After cutting those expenses, Marathon will be able to break even with oil at $40 per barrel. Fortunately, Marathon was able to hedge 100,000 barrels per day of its second-quarter oil production.
Under the deal, it will receive an average of $30.73 per barrel for 60,000 barrels per day and an average of at least $32.89 per barrel for 40,000 barrels per day. In the fourth quarter of 2019, the company produced an average of 196,000 barrels of oil per day. But given Marathon’s low production costs and its hedging, its Q2 losses should be manageable.
The picture improves further in Q2 and Q3. It has hedged 80,000 barrels per day at an average minimum price of $55 per barrel for both quarters.

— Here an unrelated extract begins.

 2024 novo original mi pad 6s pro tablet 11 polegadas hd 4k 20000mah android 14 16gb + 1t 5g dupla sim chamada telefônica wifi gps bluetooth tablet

Oil Prices Look Set to Climb
Around the world, some shutdowns have started to ease. In Europe, Austria, Denmark, Norway and the Czech Republic are among the nations planning to ease their lockdowns during the week of April 20. The governor of Texas has said that he would issue an executive order this week, establishing parameters to ease the state’s closures.
President Donald Trump is indicating that his administration will recommend easing closures in the beginning of May. And the crisis already showing some signs of waning. So, many American states will probably allow some businesses to reopen at that time.
Further, the restrictions set by many European countries are set to expire in early May. When those deadlines arrive, a significant number of nations are likely to ease their restrictions.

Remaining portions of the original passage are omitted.